もうアニメも終わっちゃっているのに……。
(追記:追加放映があるそうです。コメント欄参照)
最初の増刷掛かるまでにひと月経っていないというのは凄いなあ。
あと、「公式本」てどういう意味なんだろう……。公式解説本、ファンブック、とかなら分かるんですが。

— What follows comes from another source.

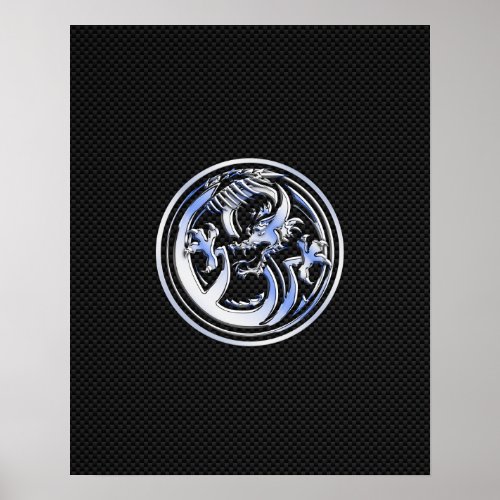 Chrome Dragon Crest on Carbon Fiber Print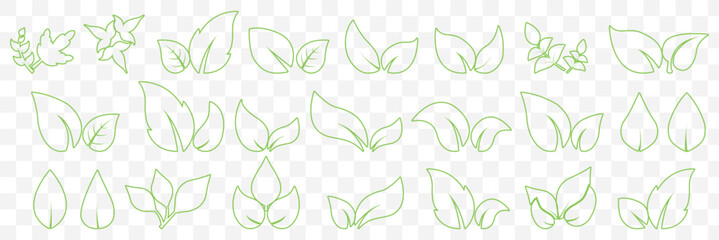 Flat Green Leaf Icon Set – Eco, Bio, Vegan Symbols for Nature and Organic Design in Editable Stroke on Transparent Background. EPS 10.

ピンナップ、アニメのダイジェストに続いて始まる本編は、第一章「アニメ関係者へのインタビュー」、第二章「いつものアレ、つまり蟲の性質、登場人物、ストーリーダイジェスト」、第三章アニメの脚本家による外伝小説」に分かれています。そのあとに原作者インタビューも載っています。


当たりパートと外れパートの差が激しい本でした。

  • インタビュー

アニメの監督、キャラクターデザイン・総作画監督、音楽家、音響監督、主人公の俳優、シナリオライターの一人、へのインタビュー記事です。
自分が読んだ漫画に関して、他の人はどんな風に読んだんだろうというのはいつも気になるところ。アニメ作成スタッフということで、普通以上に読み込んでいる人の話が聞けるのは楽しい物です。
驚くほどみんな、原作とアニメ製作に関して同じ意見を持っている。


特に、監督が企画提出も兼ねたそうなんですが、その時の想いを語っているところは、「製作側は損得勘定で動いているのかなあ」と普段考えがちな分、衝撃で、かつ嬉しい。あと、スタッフがみんな、「原作再現」という方向性に最初から纏まっていたというのも、印象深いですね。実際他の人のインタビューを読んでも、驚くほど、原作とアニメ製作に関して統一された意見を持っている。それが羨ましいか否かは、ちょっと考え込んでしまいますけども。


それから音楽家増田俊郎の話が面白かった。
音楽は、目に見えないけれど、作り手の中にある“何か”が色んな表情を見せている。
これが、蟲みたいだと。
こういう視点で蟲を語るのは、面白い。
「ちなみに増田さんは、蟲みたいな不思議な存在を信じていますか?」と言ったインタビュアーの勝利ですね。


このパートは当たり。

  • 原作おさらい

いつも思うんですが、こういうパートって、誰が喜ぶんだろう……。
二次創作のアンチョコにしたりするんでしょうか。
おまけじゃなくてメインだからなぁ……。

    • 蟲の理

蟲の一般的な性質を解説する十六節。
各々、原作の抜粋がページの半分以上を占めています。
解説も、原作の外には出ていません。つまりアンチョコ。

蟲に関連した人物の紹介。
手抜きはそれほど無さそうですが、日本語が微妙に不自由(笑)。
いや、間違っちゃいないんですが、ちょっと読み難い。

蟲の個々の種の解説。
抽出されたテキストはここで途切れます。